What the task asks:
Please restate exactly what appears in the records below from the first line to the line where "Hand Blown Pink" is, that line included.

Study material:

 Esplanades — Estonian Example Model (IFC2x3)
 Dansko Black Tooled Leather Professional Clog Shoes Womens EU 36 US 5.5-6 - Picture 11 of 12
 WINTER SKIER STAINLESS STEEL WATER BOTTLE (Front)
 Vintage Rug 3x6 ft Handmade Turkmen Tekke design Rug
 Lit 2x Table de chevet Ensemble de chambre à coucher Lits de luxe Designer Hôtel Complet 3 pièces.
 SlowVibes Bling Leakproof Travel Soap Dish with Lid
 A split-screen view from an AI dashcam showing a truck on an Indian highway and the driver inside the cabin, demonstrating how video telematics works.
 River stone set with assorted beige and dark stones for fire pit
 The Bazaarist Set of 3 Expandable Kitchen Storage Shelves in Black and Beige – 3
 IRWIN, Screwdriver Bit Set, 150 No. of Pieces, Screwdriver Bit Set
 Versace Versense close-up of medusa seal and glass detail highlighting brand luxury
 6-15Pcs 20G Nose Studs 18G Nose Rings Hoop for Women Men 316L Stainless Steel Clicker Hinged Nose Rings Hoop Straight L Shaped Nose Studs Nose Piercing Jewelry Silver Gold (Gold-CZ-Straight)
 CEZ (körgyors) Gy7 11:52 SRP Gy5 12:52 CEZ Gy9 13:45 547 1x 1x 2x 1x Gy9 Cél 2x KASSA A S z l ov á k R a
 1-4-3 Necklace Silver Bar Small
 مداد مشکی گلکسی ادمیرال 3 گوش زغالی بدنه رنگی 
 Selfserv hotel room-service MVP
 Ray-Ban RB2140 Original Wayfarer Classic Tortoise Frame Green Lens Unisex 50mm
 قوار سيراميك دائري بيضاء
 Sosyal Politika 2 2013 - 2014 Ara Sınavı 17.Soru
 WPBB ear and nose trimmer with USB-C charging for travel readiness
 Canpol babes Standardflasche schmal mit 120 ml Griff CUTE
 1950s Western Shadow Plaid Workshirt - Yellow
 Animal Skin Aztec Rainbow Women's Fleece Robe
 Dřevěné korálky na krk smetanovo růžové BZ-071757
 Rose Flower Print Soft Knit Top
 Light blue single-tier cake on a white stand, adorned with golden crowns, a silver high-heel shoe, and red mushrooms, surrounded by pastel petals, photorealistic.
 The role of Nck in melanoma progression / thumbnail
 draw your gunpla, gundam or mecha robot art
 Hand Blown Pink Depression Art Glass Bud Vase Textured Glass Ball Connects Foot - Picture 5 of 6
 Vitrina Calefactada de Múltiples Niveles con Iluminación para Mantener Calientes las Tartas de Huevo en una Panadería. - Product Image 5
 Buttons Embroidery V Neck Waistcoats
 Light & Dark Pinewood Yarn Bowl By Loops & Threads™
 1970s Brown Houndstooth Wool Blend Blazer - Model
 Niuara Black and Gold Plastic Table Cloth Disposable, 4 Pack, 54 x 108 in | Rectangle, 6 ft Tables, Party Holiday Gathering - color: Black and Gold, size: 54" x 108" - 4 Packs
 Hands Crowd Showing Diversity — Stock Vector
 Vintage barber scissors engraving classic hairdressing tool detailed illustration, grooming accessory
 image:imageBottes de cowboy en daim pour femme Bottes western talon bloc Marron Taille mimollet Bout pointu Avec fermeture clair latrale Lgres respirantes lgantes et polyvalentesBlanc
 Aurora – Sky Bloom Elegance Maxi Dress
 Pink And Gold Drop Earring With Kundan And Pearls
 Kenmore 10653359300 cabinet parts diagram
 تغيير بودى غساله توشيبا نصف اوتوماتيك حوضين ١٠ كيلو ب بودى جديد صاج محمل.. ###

Completed exercise:
 Esplanades — Estonian Example Model (IFC2x3)
 Dansko Black Tooled Leather Professional Clog Shoes Womens EU 36 US 5.5-6 - Picture 11 of 12
 WINTER SKIER STAINLESS STEEL WATER BOTTLE (Front)
 Vintage Rug 3x6 ft Handmade Turkmen Tekke design Rug
 Lit 2x Table de chevet Ensemble de chambre à coucher Lits de luxe Designer Hôtel Complet 3 pièces.
 SlowVibes Bling Leakproof Travel Soap Dish with Lid
 A split-screen view from an AI dashcam showing a truck on an Indian highway and the driver inside the cabin, demonstrating how video telematics works.
 River stone set with assorted beige and dark stones for fire pit
 The Bazaarist Set of 3 Expandable Kitchen Storage Shelves in Black and Beige – 3
 IRWIN, Screwdriver Bit Set, 150 No. of Pieces, Screwdriver Bit Set
 Versace Versense close-up of medusa seal and glass detail highlighting brand luxury
 6-15Pcs 20G Nose Studs 18G Nose Rings Hoop for Women Men 316L Stainless Steel Clicker Hinged Nose Rings Hoop Straight L Shaped Nose Studs Nose Piercing Jewelry Silver Gold (Gold-CZ-Straight)
 CEZ (körgyors) Gy7 11:52 SRP Gy5 12:52 CEZ Gy9 13:45 547 1x 1x 2x 1x Gy9 Cél 2x KASSA A S z l ov á k R a
 1-4-3 Necklace Silver Bar Small
 مداد مشکی گلکسی ادمیرال 3 گوش زغالی بدنه رنگی 
 Selfserv hotel room-service MVP
 Ray-Ban RB2140 Original Wayfarer Classic Tortoise Frame Green Lens Unisex 50mm
 قوار سيراميك دائري بيضاء
 Sosyal Politika 2 2013 - 2014 Ara Sınavı 17.Soru
 WPBB ear and nose trimmer with USB-C charging for travel readiness
 Canpol babes Standardflasche schmal mit 120 ml Griff CUTE
 1950s Western Shadow Plaid Workshirt - Yellow
 Animal Skin Aztec Rainbow Women's Fleece Robe
 Dřevěné korálky na krk smetanovo růžové BZ-071757
 Rose Flower Print Soft Knit Top
 Light blue single-tier cake on a white stand, adorned with golden crowns, a silver high-heel shoe, and red mushrooms, surrounded by pastel petals, photorealistic.
 The role of Nck in melanoma progression / thumbnail
 draw your gunpla, gundam or mecha robot art
 Hand Blown Pink Depression Art Glass Bud Vase Textured Glass Ball Connects Foot - Picture 5 of 6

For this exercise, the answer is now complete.